I developed a Bill Maher-like disdain for institutionalized religion over the past two years, but I am under no delusion of having a monopoly on rationality like he and the Sam Harris-types seem to believe they possess. My contempt stems as much from my studies as it does from the emotional wounds left by fundamentalist Christianity. Do I think all violence in the name of something as frivolous as ideology is undue? Yes. Do I think religion’s ability to replace fear of the unknown with a false known to fear (i.e., eternal damnation, secularization, etc.) can be exploited by those who have a lust for power? Also yes.

Does the logic of “terrorism perpetuated in the name of Islam is sufficient justification for a Muslim ban” make sense? It doesn’t matter.

Now, hear me out. My point has little to do with Islamophobia in its many forms, any of which I would under no circumstance defend no matter how “rational” it sounds.

The question of a Muslim ban – and the accompanying implications of that sentiment – is fraught with emotion, and I tend to believe that the only way to understand those emotions is to genuinely experience them. This is something that people who were raised in more loosely religious or nonreligious homes cannot do, and their fascination with trying to do so makes this obvious. (This isn’t even to mention the white supremacy implicit in earnest attempts to sympathize with whatever “white plight” that supposedly exists in Trump-country, while forgoing the same effort for other groups of marginalized people.)

In some ways, the Muslim ban is “old news,” and with Russia and body-slamming Republicans in the media spotlight, it is easy to ignore Islamophobia in so-called progressive circles when it isn’t being slammed in our faces. But the tragedy of Manchester has done just that.

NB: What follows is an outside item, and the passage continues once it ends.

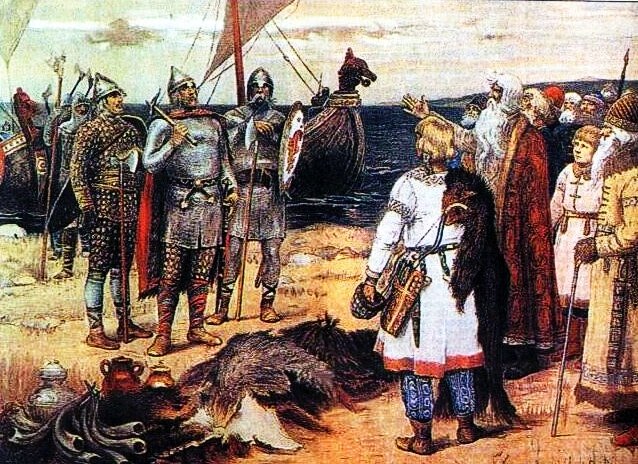 Ilustracja przedstawia zbrojnych mężczyzn, którzy witani są przez mieszkańców. Po lewej stronie obrazu widzimy trzech mężczyzn ubranych w kolczugi i hełmy, z toporami i tarczami. Pozostali żołnierze wysiadają z przycumowanej do brzegu łodzi, z wysokim dziobem w kształcie głowy wilka. Po prawej stronie starszyzna wraz z pozostałymi mieszkańcami wsi wita przybyłych z otwartymi rękami. Przed nimi, na ziemi, leżą przygotowane dla żołnierzy dary: skóry, rogi oraz jedzenie i picie.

In the face of violence without reason – so, all violence – it makes everyone more comfortable to have a group of people to whom they can point fingers than to accept existing in a chaotic, nonsensical world.

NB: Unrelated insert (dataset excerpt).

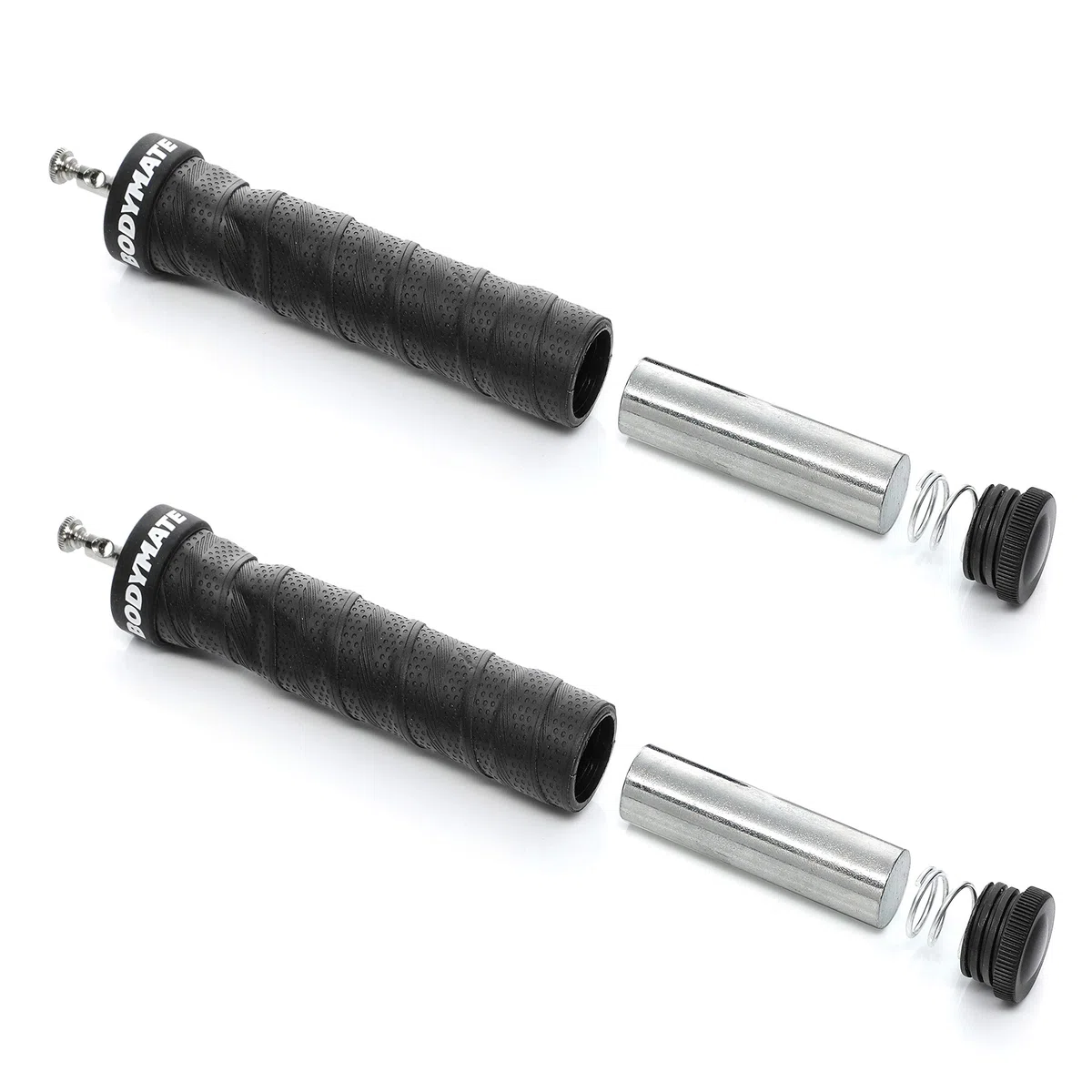 BODYMATE Corda per Saltare Premium con 2 pesi estraibili, Maniglie Antiscivolo, 2 Corde in Acciaio Regolabili con Protezione antiusura - Crossfit, Functional Core, Boxe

Humans don’t like reminders of our baseness. I mean, religion itself alleviates feelings of cosmic insignificance by asserting humanity’s dominance over “creation.” In religions that hinge on a heavily interventionist deity, humans are only second in command to that deity, so it allows us to deny we are animals. When notions of inherent purposefulness in our existence depend on the absolute correctness of our worldview, extreme behavior starts to make sense. It isn’t justified, and it certainly won’t make sense to someone who does not subscribe to a religious definition of “absolute truth.” But it adds necessary nuance to the conversation.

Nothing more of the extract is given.